IATSE film and TV strike could be avoided with a polarising agreement

There hasn’t been such a strike threat in Hollywood since World War II. Crew members, make-up artists, and set designers are campaigning for better wages.

After an unprecedented strike authorization, IATSE and the Alliance of Motion Picture and Television Producers reached a tentative contract deal Saturday that narrowly averted a major work stoppage. If the deal hadn’t been reached, IATSE members working under affected contracts would have been expected to show up to picket at locations determined by their Locals, such as major studios, starting Monday.

IATSE and the AMPTP confirmed the news, which was first reported by Deadline, on Saturday. The new three-year deal will now go to union members for ratification.

In a letter sent to members, leaders of the 13 West Coast Locals said the tentative deal applied to the 2021 Basic and Videotape Agreements: “Everything achieved was because you, the members, stood up and gave us the power to change the course of these negotiations. Our solidarity, at both the leadership and rank and file level, was the primary reason that no local was left behind and every priority was addressed,” it read. Negotiations continue for IATSE’s Area Standards Agreement, the union said.

Contract talks between the International Alliance of Theatrical Stage Employees and the Alliance of Motion Picture and Television Producers kept up Friday night until 11 p.m. PT and resumed on Saturday as the clock ticked toward a potential strike. On Saturday, a source on the studio side indicated that progress was being made, while IATSE was remaining more tight-lipped and this week has even urged members not to believe unverified information.

According to the letter, union priorities that were satisfied in the agreement (though no granular details were provided) included living wages, better wages and working conditions on streaming projects, 3 percent annual increases of scale wages that are retroactive, “employer-funded benefits” during the course of the contract, higher meal penalties, daily 10-hour turnarounds for all and 54- and 32-hour weekend rest periods.

Other features include incorporating Martin Luther King Jr.’s birthday as a holiday, diversity, equity, and inclusion initiatives, amplified sick leave benefits, and more Motion Picture Industry Pension & Health Plans hours for on-call employees.

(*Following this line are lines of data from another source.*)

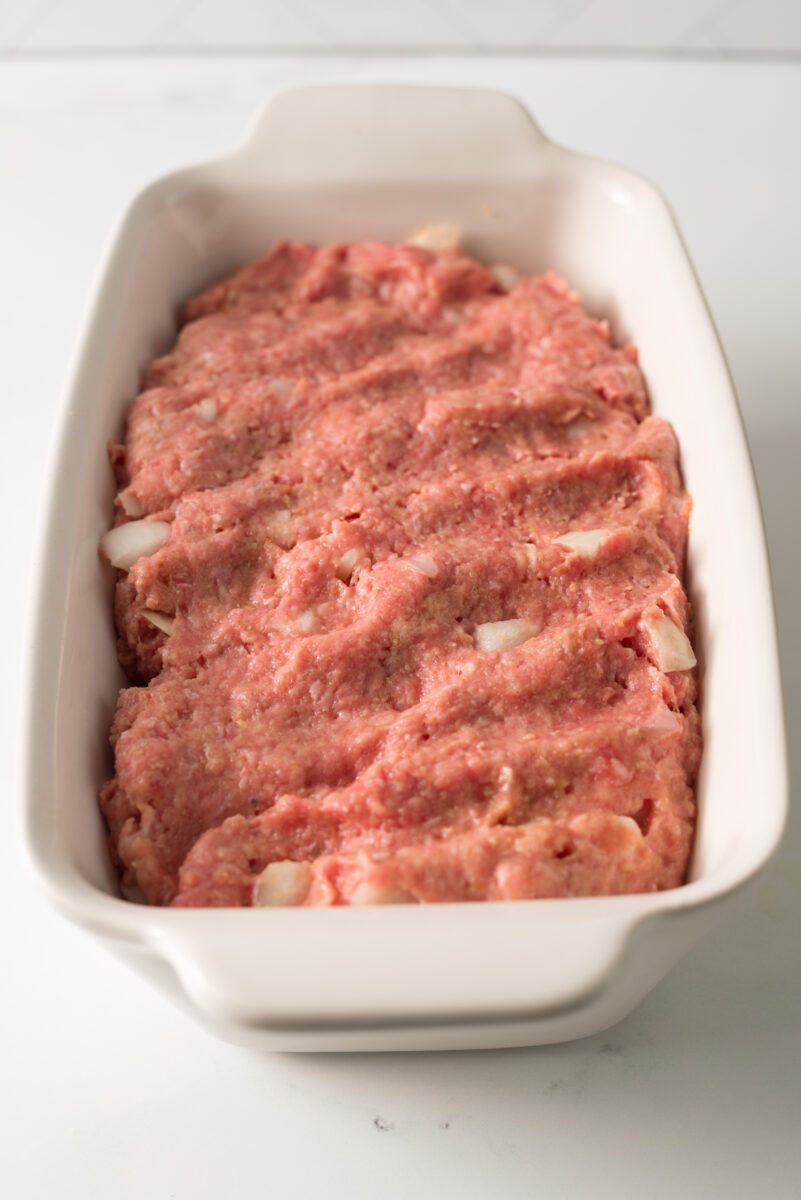 Simple meatloaf recipe that tastes like it came straight from your grandmas oven.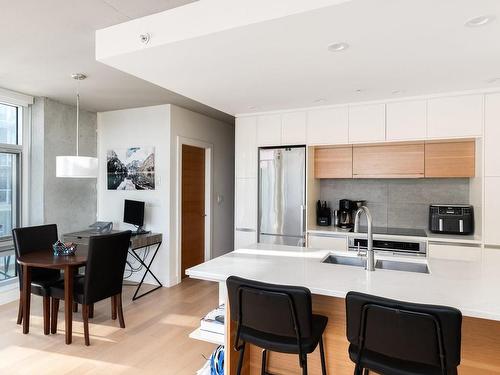 809-989 Johnson St, Victoria, BC - Indoor Photo Showing Kitchen With Stainless Steel Kitchen With Double Sink With Upgraded Kitchen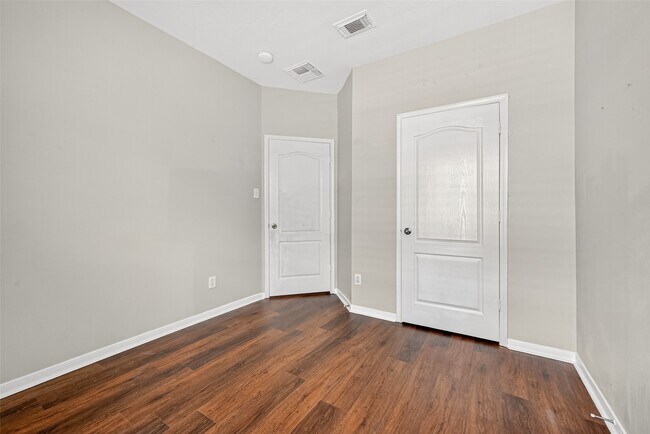 Building Photo - 5615 Brookhollow Oaks Trail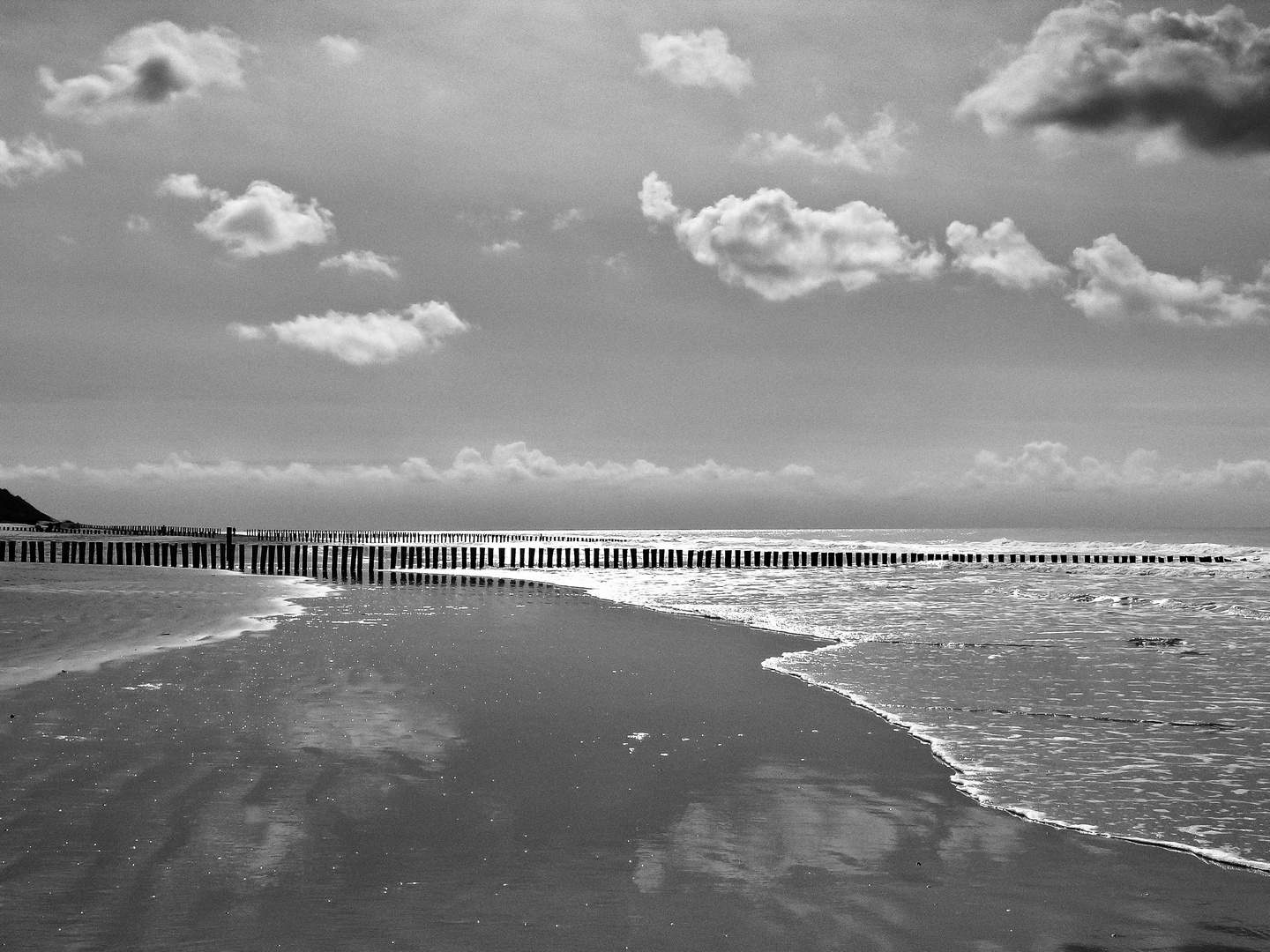 Spiegelung von Wolken und Himmel bei Ebbe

More details about the agreement will be made available to union members “over the next few days,” the letter adds.

In a statement about the deal, IATSE international president Matthew Loeb said, “This is a Hollywood ending.” He added, “Our members stood firm. We are tough and united.”

IATSE vice president, and motion picture director Mike Miller added, “Our members will see significant improvements, but our employers also will benefit.” He said, “This settlement allows pre-production, production, and post-production to continue without interruption. Workers should have improved morale and be more alert. Health and safety standards have been upgraded.”

As talks dragged on between the two sides, union members spearheaded two separate social media campaigns that activated and galvanized colleagues. Members of IATSE Local 871 launched the #IALivingWage hashtag, which saw script coordinators, writers assistants, assistant production coordinators, and art department coordinators discussing their financial struggles in crafts that all have contractual minimum pay rates of less than $18 an hour.

In July, a set lighting technician started an Instagram account, IA Stories

The Instagram profile which shows the darker side of Hollywood

which anonymously shared stories of long hours and challenging work conditions on film sets. The account now has more than 150,000 followers.

If IATSE calls a strike, Local 700 members working remotely or on location have already been instructed to notify their employers using a provided message. For those on location, it includes a sentence stating “I understand that my employer is legally obligated to arrange and pay for me and my equipment to return home.”